The stars had aligned. After a few years of underbuilding, a voluminous new demographic dramatically emerged from the shadows and formed a line at the door of your friendly local leasing office.

As more millennials aged into the rental pool, we heard time and again that they all wanted to live in cities—and developers responded by targeting urban cores. That urban legend continues to play out, but not in the way many had expected. Some of the biggest cities first out of the recession—Washington, D.C.; Houston; New York—are now offering concessions.

There’s a fine line between rational excitement and irrational exuberance, and we may have crossed those city limits, our desire driven by demographic demand slight-of-hand.

Consider the North American urban baby boomer. For a few years now, we’ve heard that the nation’s second-largest generation is preparing to downsize all the way from a white picket fence to a luxury box in the sky. And the new-construction pipeline in many urban areas—so heavily concentrated in Class A luxury—reflects this leap of faith.

Our brethren in the single-family world are in a similar situation, as the costs of land, labor, and materials—especially labor—likewise force many home builders to aim at a wealthier clientele.

But here’s the question that should concern any developer or financier banking on this trend: Where is the evidence of this long-term mass boomer urban migration?

Census figures paint a much more nuanced picture than headlines will allow. The 2014 American Community Survey data show exurbs and suburbs to be growing at a faster pace, while domestic net migration trends show a shrinking “urban core” across all demographics.

Ascierto, Jerry

What’s more, those cities with the fastest-growing seniors populations per capita are almost entirely in the Sun Belt—Atlanta, Raleigh, Vegas, Jacksonville, Sacramento, Tucson … not exactly the picture of Metropolis, given that Sun Belt cities tend to be “suburbanized,” much more sprawling than Northeastern cities, according to economist Jed Kelko.

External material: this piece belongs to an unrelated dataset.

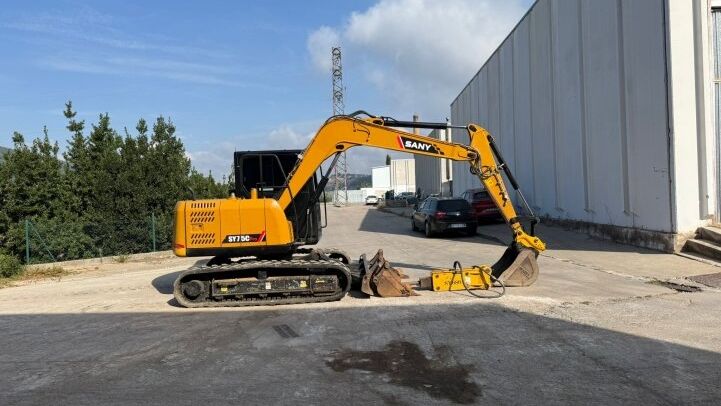SANY SY75C PRO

In fact, since 2010, the senior population in core cities has risen by a paltry 621,000 compared with the suburbs, where the senior population has spiked by 2.6 million, according to demographer Joel Kotkin in an analysis of Census data.

Evident Domain

Just 13% of buyers age 50 to 59 bought homes in urban areas and central cities in 2015, according to the National Association of Realtors (NAR) Home Buyer and Seller Generational Trends 2016 report.

What about the other 87%? And what about older boomers?

Regardless, this myth about boomers loving city life persists and is almost as insidious as the myth of millennials preferring city life, which NAR’s 2016 report notes is decreasing:

The share of millennials buying in an urban or central city area decreased to 17 percent (21 percent a year ago) in this year’s survey, and fewer of them (10 percent) purchased a multifamily home compared to a year ago (15 percent). Overall, the majority of buyers in all generations continue to purchase a single-family home in a suburban area …

So, even millennials—those city lovers of yesterday—are going suburban, and we now see headlines like “How Millennials are Changing the Suburbs” and "Young Americans: Yearning for the Suburbs, Stuck in the City."

To be fair, in 2014, just 11% of boomers age 50 to 59 bought in urban areas, so the 2% bump year over year may indeed be evidence of a significant trend. But one year does not a trend make—and an idea doesn’t become a fact just because it’s repeated and repeated by those with vested interests.

Is there even anecdotal evidence of this mass psychological and geographic migration? Who are these boomers who are just itching for city life?

I’m sure they exist; I just don’t know any. When I asked my own parents if they’d ever move back to Brooklyn from whence they came, they looked at me like I was crazy. Their memories weren’t quite so fond.

“We couldn’t wait to leave, to have our own space, to stretch out and have some peace and quiet,” they said. “Why the heck would we ever want to go back?”